Transitar entre o teatro e música é algo comum para os alunos da escola Ribeirão Molha. Lavínia Kuester, de 11 anos, iniciou como bruxa, integrou o coral por um ano e agora está tocando o xequerê.
“Para aprender a tocar foi mais complicado, mas já me acostumei. Quero tentar cantar no ano que vem de novo”, salienta a estudante do sexto ano.
Para a coordenadora pedagógica, Iara Vieira, é essa liberdade de escolher em qual setor vão atuar que motiva os alunos a continuarem no Boi de Mamão depois de tantos anos.
Projeto reflete em outras disciplinas
Na visão da diretora da escola Ribeirão Molha, Ilair Dagmar Tomaselli, o Boi de Mamão faz toda a diferença no desempenho dos alunos e no próprio desenvolvimento das crianças.
“A gente sente um desembaraço deles nas outras atividades, vão muito bem na oratória, em declamações, não têm medo de se apresentarem e falarem em público”, avalia Ilair. A figura do boi também é utilizada em outros trabalhos pedagógicos.
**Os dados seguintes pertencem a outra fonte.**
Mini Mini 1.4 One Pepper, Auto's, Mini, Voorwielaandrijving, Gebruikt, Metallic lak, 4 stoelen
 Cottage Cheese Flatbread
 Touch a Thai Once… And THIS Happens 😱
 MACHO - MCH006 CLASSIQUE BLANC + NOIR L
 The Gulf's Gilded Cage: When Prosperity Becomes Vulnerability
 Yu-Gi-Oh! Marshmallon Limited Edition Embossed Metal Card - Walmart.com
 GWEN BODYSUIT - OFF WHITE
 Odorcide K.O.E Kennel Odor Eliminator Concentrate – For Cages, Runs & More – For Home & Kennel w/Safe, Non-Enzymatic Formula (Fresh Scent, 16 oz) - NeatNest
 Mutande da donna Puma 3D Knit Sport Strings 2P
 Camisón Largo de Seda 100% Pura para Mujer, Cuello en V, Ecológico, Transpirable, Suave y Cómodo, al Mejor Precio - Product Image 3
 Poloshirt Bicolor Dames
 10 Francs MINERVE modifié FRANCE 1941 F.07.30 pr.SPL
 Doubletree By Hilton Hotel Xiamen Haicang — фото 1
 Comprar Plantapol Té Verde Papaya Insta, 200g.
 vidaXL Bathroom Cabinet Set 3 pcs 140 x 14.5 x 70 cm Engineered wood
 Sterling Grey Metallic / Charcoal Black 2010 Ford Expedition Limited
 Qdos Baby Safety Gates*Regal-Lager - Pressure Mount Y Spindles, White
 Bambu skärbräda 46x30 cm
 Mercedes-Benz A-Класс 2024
Responsável pela parte cênica do projeto e professor do quarto ano, Paulo Cesar da Silva comenta sobre o aprendizado rápido das crianças, que também fazem parte do ensino integral da rede municipal.
“No quarto ano, todos já estão alfabetizados e escrevem bem, essa não é uma realidade que vi em outras escolas. Eles possuem uma pré-disposição maior para aprender, não só no projeto”, declara Silva.
Para a diretora, um dos principais objetivos do Boi de Mamão é fazer com que o folclore brasileiro seja valorizado.
A dança é uma das tradições folclóricas mais antigas de Santa Catarina, principalmente nas regiões litorâneas. A história tem um tom cômico, mas o elemento central é a dramaticidade, com a morte e a ressurreição do boi.
Há divergências sobre a origem do folclore. Alguns pesquisadores afirmam que a brincadeira foi trazida pelos açorianos à cultura catarinense, por volta do século XVIII. Outros, acreditam que ela chegou ao estado com os espanhóis, a partir de 1500. O nome também é motivo de contradição, já que muitos dizem que no início, era usado um mamão no lugar da cabeça do boi.
Entre as figuras que aparecem na história estão: o boi, o proprietário do boi, a bernunça e seu filhote, a maricota, o doutor, a viúva, o cavalinho, os outros bois e os corvos.